GOTTES WORT UND MENSCHENWORT – ein Buchhinweis von Christoph Kühne, Hamburg

„Gottes Wort und Menschenwort. Lesen – Hören – Weiter sagen“ (AV Akademiker Verlag, Saarbrücken 2012, ISBN 978-3-8416-0315-9,382 Seiten, s. Cover unter “Buchempfehlung”), der Titel macht neugierig auf die Compliance von Gottes und Menschenwort. Wie vertragen sich beide? Der Untertitel  zeigt  eine Richtung  an. Ohne den menschlichen Transport bleibt das Wort  Gottes  auf  der  Strecke?  Hat  es  keine  eigene  Mächtigkeit? Wie  können  unsere menschlichen Wörter  dem Wort Gottes dienen?  Durch  Lesen  und  (Zu-)  Hören!  Das  steht schon  in  der Bibel: Römer 10,  17! Und  genau  dieses  intensive Lesen  / Hören  der  biblischen Texte  praktiziert der Autor Heinz  Janssen (Herausgeber und  Schriftleiter des Heidelberger Predigt-Forums).  Es  sind  Textauslegungen,  Bibelstudien, Meditationen  des einen Wortes Gottes (entstanden am Schreibtisch oder auch  in der S-Bahn) für alle, „die beruflich und ehrenamtlich im Dienst der kirchlichen Verkündigung tätig sind, und all  (die),  die  ihre  Erwartung  an  die Bibel  haben“  (aus  dem Vorwort). Aber  sie  sollen  ihre eigenen Wörter finden können für sich und ihre Zuhörer.cAuch der besseren Lesbarkeit halber verlegt der Autor exegetisch- kommentatorische  und  parochiale  Feinheiten,  interessante „Fachdiskurse“ (auch  z. B. zu  Hirnforschung oder Mobbing), Befragungen  auf  der  Straße, Zitate  und  manche  literarische  Perlen (!) in  die  Fußnoten. (Sehr  interessant  auch  die Erfahrungen, die Heinz Janssen aus seiner Arbeit in der Grundschule weitergibt.) Außerdem habe ich selten so viele  Bezüge auf Martin  Luther gelesen  wie  in  diesem  Buch!  Janssen buchstabiert das Wort Gottes in beiden Testamenten, vom  1. Buch Mose bis hin  zur Offenbarung auf gut 330 Seiten. Wie macht der Autor das?

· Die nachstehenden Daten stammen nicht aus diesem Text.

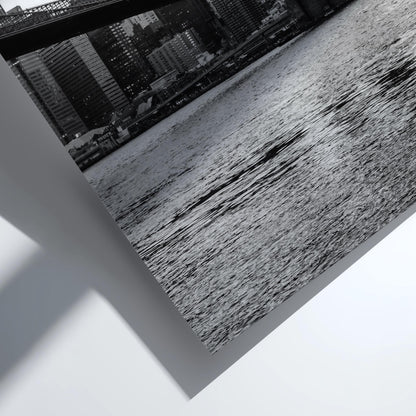 Brooklyn Bridge Skyline Dusk Poster | Black and White Photography Print | Vintage New York Wall Art | Retro City Travel Decor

Heinz Janssen spürt den biblischen Geschichten nach. Dabei gibt er sich ganz als Theologe und nicht – wie sonst oft zu finden – als Hobbypsychologe! Er versucht den hebräischen und griechischen Wörtern der Heiligen Schrift auf die Spur zu kommen, bietet eigene Übersetzungen, nimmt auch gelegentlich Angebote von  jüdischen Exegeten an und versucht, eine Brücke über den „garstigen  Graben“ des Urtextes zu dem heutigen Leser zu schlagen. Schon in der ersten Betrachtung von Gen 1, 2ff spürt man die kreativ – musikalische Begabung des Autors. Und dies nicht nur im Zitieren von  kirchlichem Liedgut und Psalmversen, sondern auch in der Besprechung eines Oratoriums (Auslegung  von Gen  25,19-36,43).  Janssen  entdeckt  in  den biblischen Erzählungen wie  in dem musikalischen Opus eines vielstimmigen Chors Motive, die sich mit einander verschlingen, Kontrapunkte und tragende Grundtöne, die durchklingen. Und gelegentlich  findet man  auch  eigene poetische Verdichtungen des Autors  (z. B. S. 280, 294)!  Das „Achtergewicht“ der Auslegungen bildet Jesus, der das Gesagte  bestätigt, vervollständigt, abrundet. Er ist Teil auch der alttestamentlichen Zeugen und Katalysator ihrer Wahrheit. Und in den neutestamentlichen Betrachtungen werden die Väter und Propheten als Zeugen auf Jesus gedeutet. Darum schließen auch fast alle Texte mit einem Jesuswort.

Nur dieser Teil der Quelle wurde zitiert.